I discovered the Austin Film Festival in 2009 on the first day of the conference. I had an hour between when I bought my pass and started attending panels. With my superior sense of direction, it took me about thirty seconds to locate everywhere I needed to go, so it might take you a minute. You won’t be able to find one that’s not full of wonderful people being addressed by wonderful and accomplished people. The biggest problem is that there are several going on at once and you may think it’s unfair to have to choose between them. Well, life’s unfair. Pick one. Trust me, you won’t regret missing the one across the hall.

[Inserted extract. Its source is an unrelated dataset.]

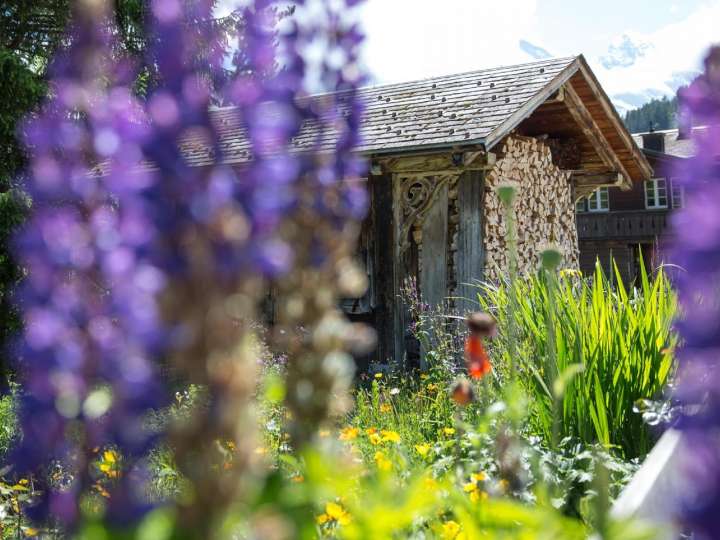 Historical village tour Mürren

Where else can you hear writers talk about how impossible it is to work with studio executives and producers, and then have studio executives and producers talk about how exasperating it is to work with writers? No other place that doesn’t also have lawyers and a judge, let me tell you.
Why are you there? Answer that and you’ll be able to pick panels to best suit your goals. Writing for movies is great, but more writers are employed writing for TV. Last year I attended a panel on “How to be a Showrunner,” which is the head writer on a TV show. It wasn’t as well attended as panels on movies, even though the people running the panel actually employ dozens of new writers every year and are always looking for talent. One remarked on the irony.
Carry a notebook and take notes. People you meet. Thoughts. You can ask people to write their names and contact info, or copy the Pixar “formula” for success in it. I’ve done both! And have plenty of cards if you want to network. Entire forests are cleared for the card stock handed out at the parties. Writers aren’t the only ones there. People with mad skills in many areas are all over.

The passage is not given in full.